* _Work item_:
Restate the data word for word and leave the images out.

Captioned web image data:
Content starts

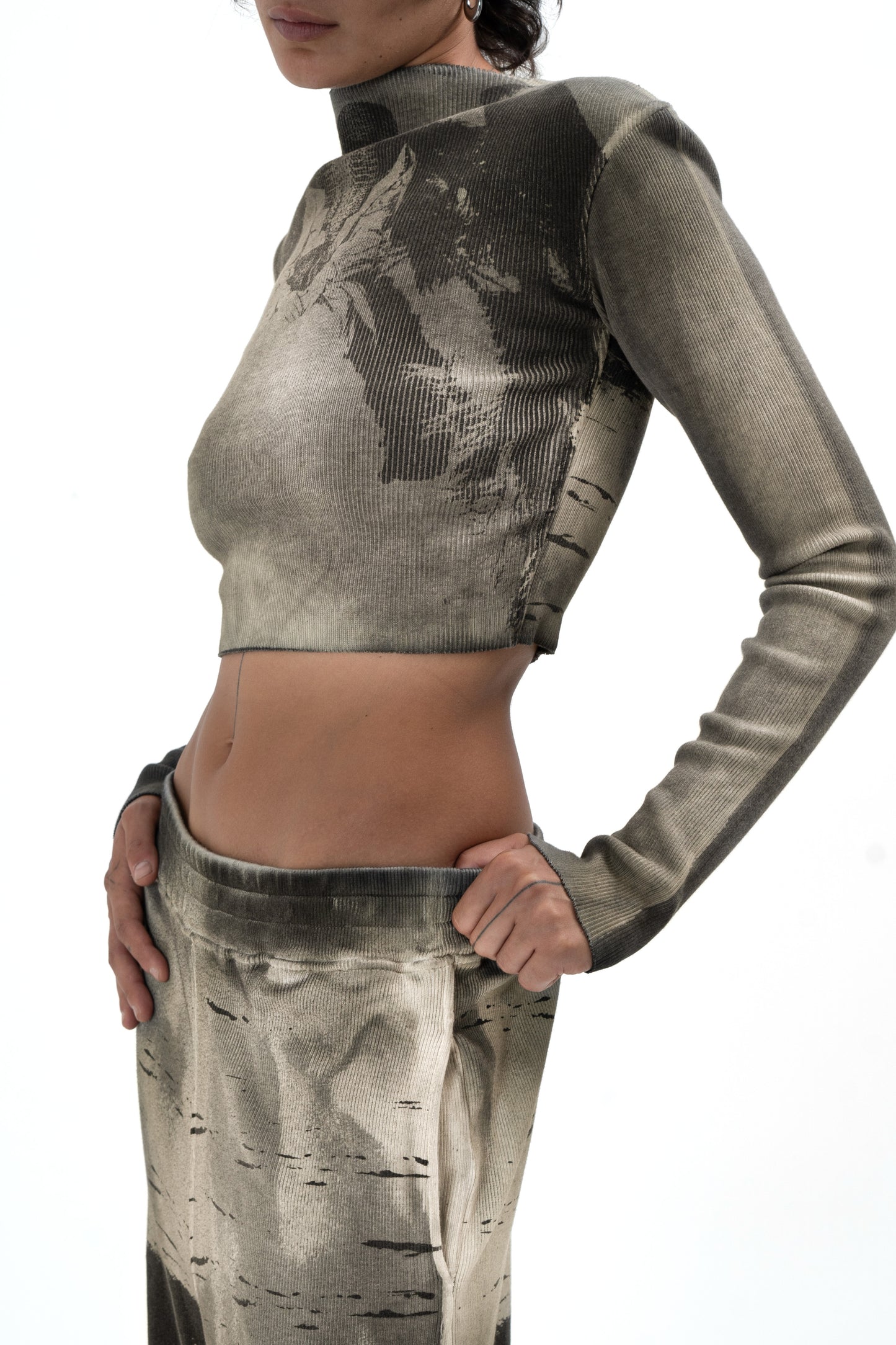 Long-Sleeve Crop Top with VEILED ANGEL Print
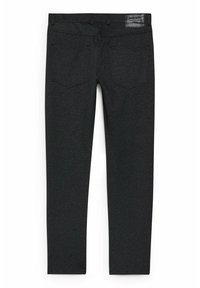Tmavě šedé kalhoty z texturované látky, s klasickým pasem, poutky na pásek a dvěma zadními kapsami.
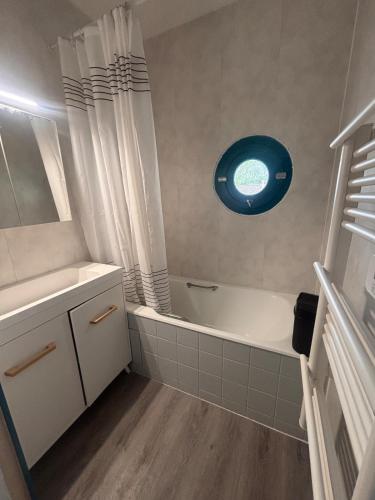 Photo de la galerie de l'établissement Maison avec terrasse et jardin, 20 minutes des plages, à Saint-Jean-dʼAngle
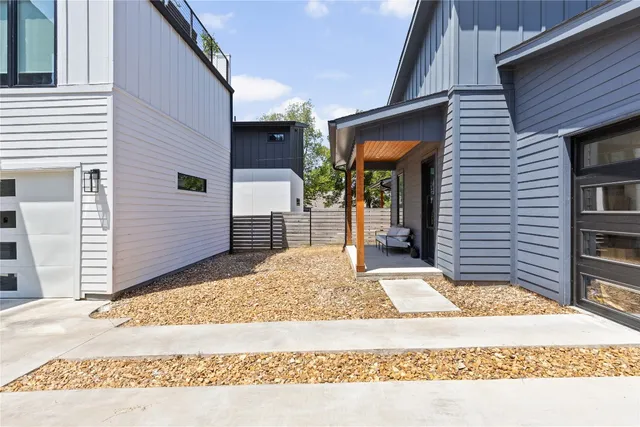 a view of a entrance of the house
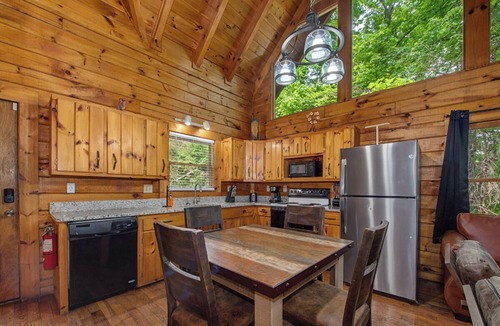 Gatlinburg - Pigeon Forge Cabin | *Cozy 1BD+Loft Cabin Near TOWN! Hot Tub + Jacuzzi*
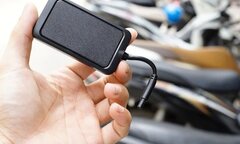 Lắp định vị theo dõi có phạm pháp?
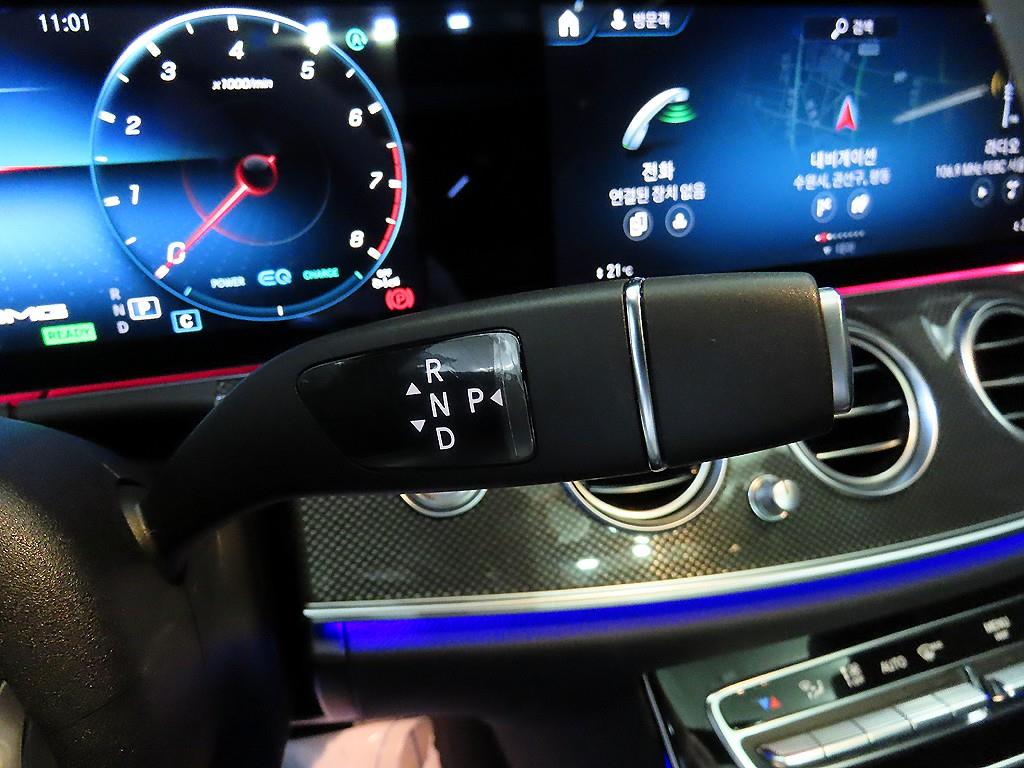 Mercedes Benz E class - Vista 12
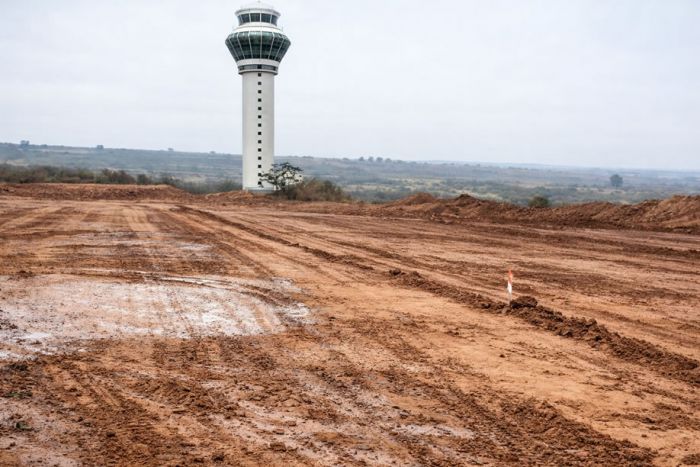 Governo de Luanda proíbe compra de terrenos e circulação de viaturas na área do novo aeroporto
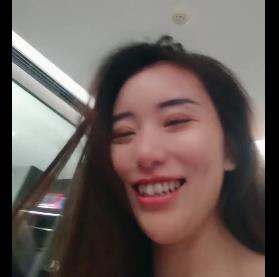 团建女王姐妹两自拍视频：神秘黑丝眼罩时长1小时34分钟，观看下载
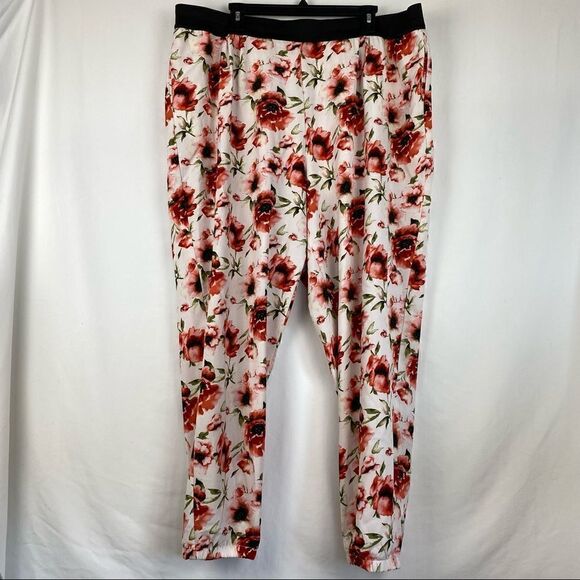 Styled by Joe Zee woman’s floral pants - Picture 2 of 11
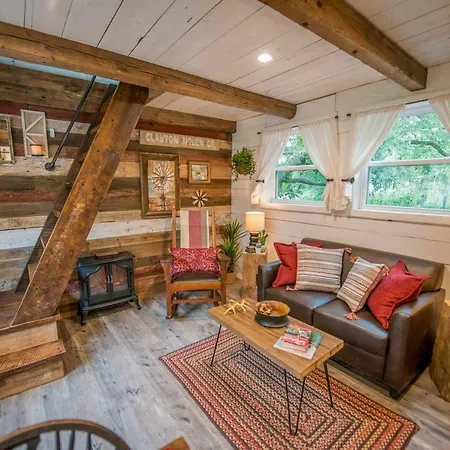Cozy Cabin Little Red Hen 12 Min To Magnolia Waco Exterior photo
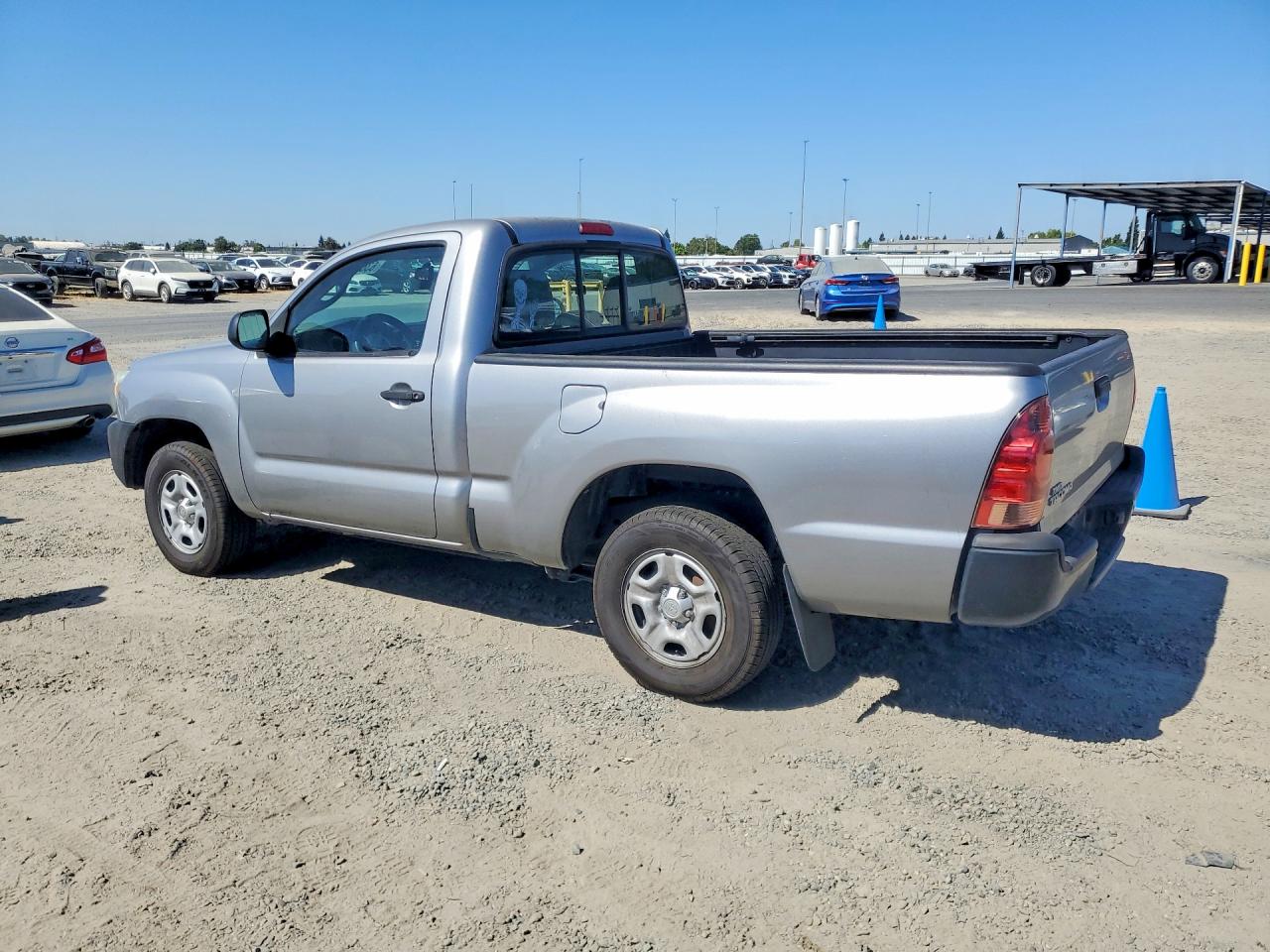2014 Toyota Tacoma Base Silver vin: 5TFNX4CN4EX032688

Content ends

* _Worked solution_:
 Long-Sleeve Crop Top with VEILED ANGEL Print
Tmavě šedé kalhoty z texturované látky, s klasickým pasem, poutky na pásek a dvěma zadními kapsami.
 Photo de la galerie de l'établissement Maison avec terrasse et jardin, 20 minutes des plages, à Saint-Jean-dʼAngle
 a view of a entrance of the house
 Gatlinburg - Pigeon Forge Cabin | *Cozy 1BD+Loft Cabin Near TOWN! Hot Tub + Jacuzzi*
 Lắp định vị theo dõi có phạm pháp?
 Mercedes Benz E class - Vista 12
 Governo de Luanda proíbe compra de terrenos e circulação de viaturas na área do novo aeroporto
 团建女王姐妹两自拍视频：神秘黑丝眼罩时长1小时34分钟，观看下载
 Styled by Joe Zee woman’s floral pants - Picture 2 of 11
Cozy Cabin Little Red Hen 12 Min To Magnolia Waco Exterior photo
2014 Toyota Tacoma Base Silver vin: 5TFNX4CN4EX032688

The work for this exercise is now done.